Implants were produced by molding the extruded rods of PLA and PLA/HA composite into 24 × 14 × 5 mm³ plates by using a poly(dimethylsiloxane) mold with smooth surface, two microscope glass slides and 2-foldback clips, by applying pressure. The setup was left at 120 °C for 5 min. Upon removal from the mold, the plates were paired and glued together with smooth surfaces facing one another using a 0.5 mm thick poly(ethylene oxide terephthalate) / poly(butylene terephtalate) - (PEOT/PBT) (PolyVation BV) spacers and super glue (Pattex) (Fig. 1). Following an aPEOTbPBTc nomenclature, the composition used in this study was 300PEOT55PBT45 where, (a) is the molecular weight in g/mol of the starting poly(ethylene glycol) (PEG) blocks used in the copolymerisation, while (b) and (c) are the weight ratios of the PEOT and PBT blocks, respectively. Prior to implantation, samples were sterilized by ethylene oxide (Isotron Nederland BV).

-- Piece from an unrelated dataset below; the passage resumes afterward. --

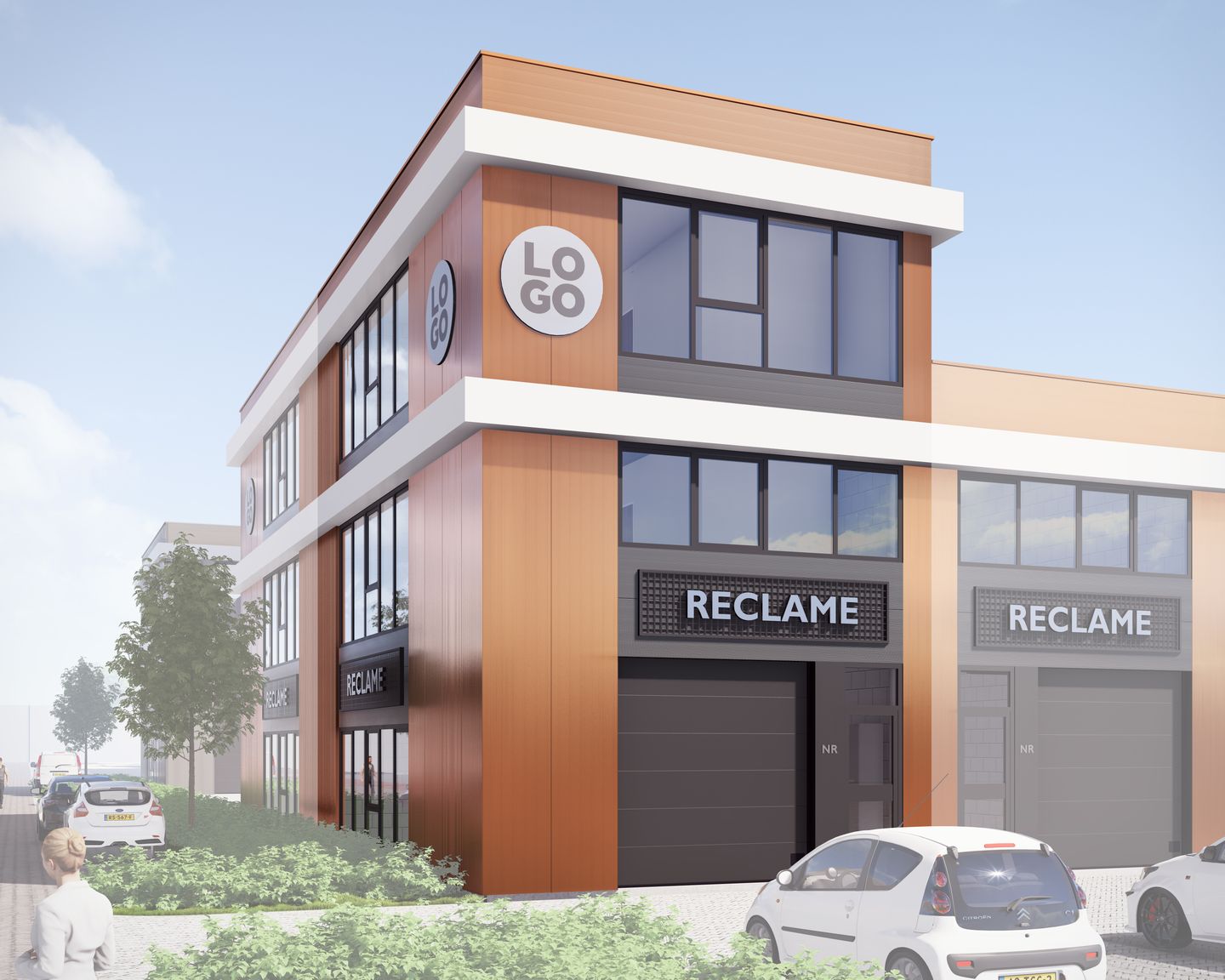 Bekijk foto 1 van Industriestraat 9-P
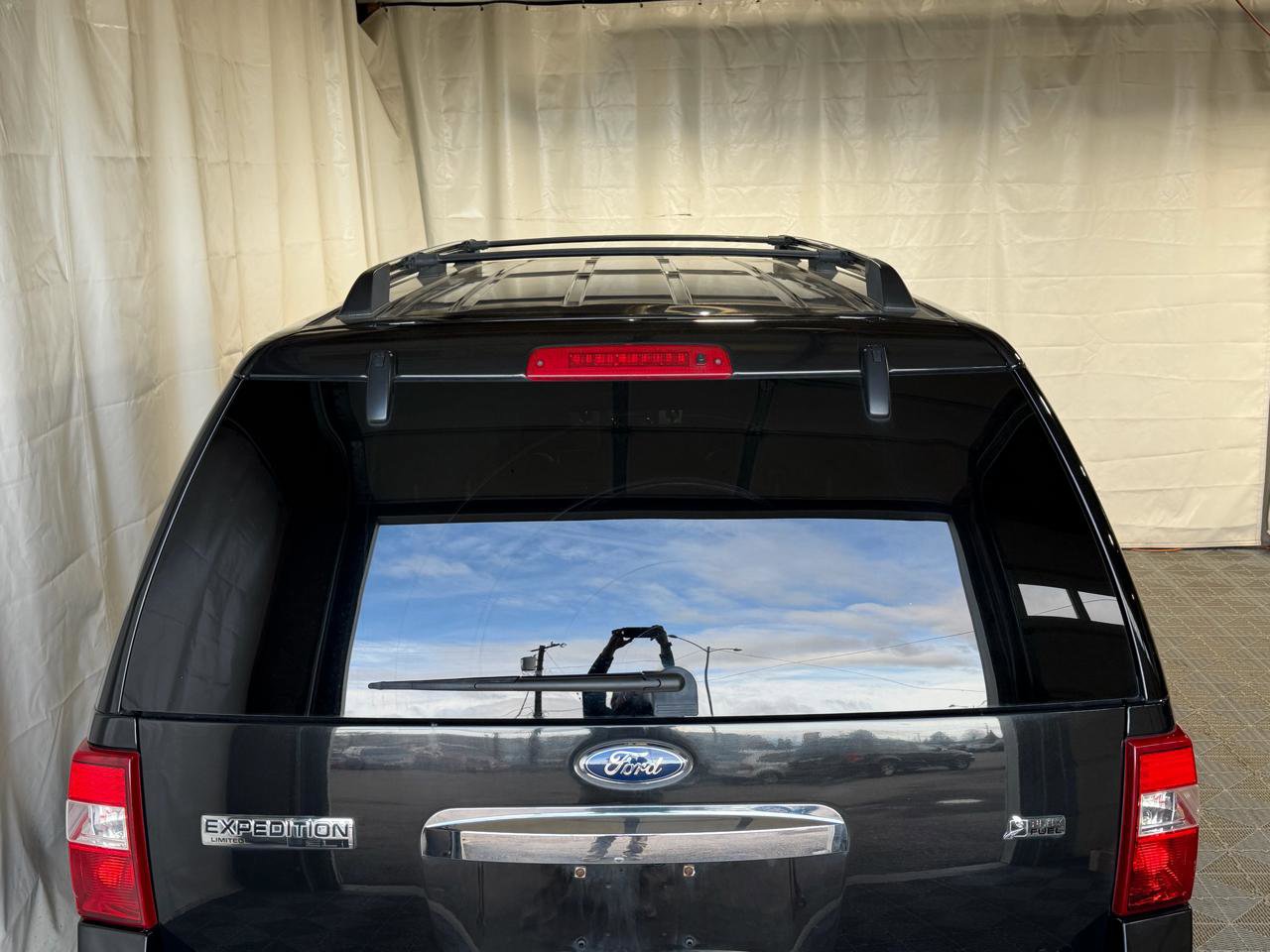 Used 2013 Ford Expedition EL Limited image 6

Twelve PLA-HA composite and 5 PLA control implants were inserted in paraspinal muscles of 8 skeletally mature male mongrel dogs (1–4 y old, weighing 10–15 kg) upon approval by the local animal care committee (Animal Center, Sichuan University, Chengdu, China; protocol P11029). The surgical procedure was performed under general anesthesia of the animals (pentobarbital sodium, Merck; 30 mg/kg body weight). After shaving the lumbar area and disinfection of the skin with iodine, the paraspinal muscles were exposed. Using blunt dissection, intramuscular pockets were created bilaterally, and each pocket was filled with one implant. Distance among pockets was sufficient to avoid effect of individual implants on each other’s behavior. Upon implant placement, the wound was closed in layers using silk sutures. Following the surgeries, animals were given buprenorphine (0.1 mg per animal) intramuscularly for 2 d as analgesics and penicillin (40 mg/kg) by intramuscular injection for 3 consecutive days to prevent infection. Twelve weeks after implantation, the animals were sacrificed with overdose of pentobarbital sodium to harvest the samples.

Histological analysis

After explantation, samples, with surrounding muscle tissue were fixed in 4% buffered paraformaldehyde (pH 7.4) and kept at 4 °C for one week. Fixed samples were rinsed with phosphate buffer solution (PBS), dehydrated by ethanol series (70–100%) and infiltrated with a methylmethacrylate (MMA, LTI Nederland) solution that polymerized at 30 °C within 1 wk. Longitudinal non-decalcified sections with a thickness of 10–15 μm were cut using a diamond saw microtome (Leica Leitz 1600) and stained with 1% methylene blue and 0.3% basic fuchsin after etching with an HCl/ethanol mixture.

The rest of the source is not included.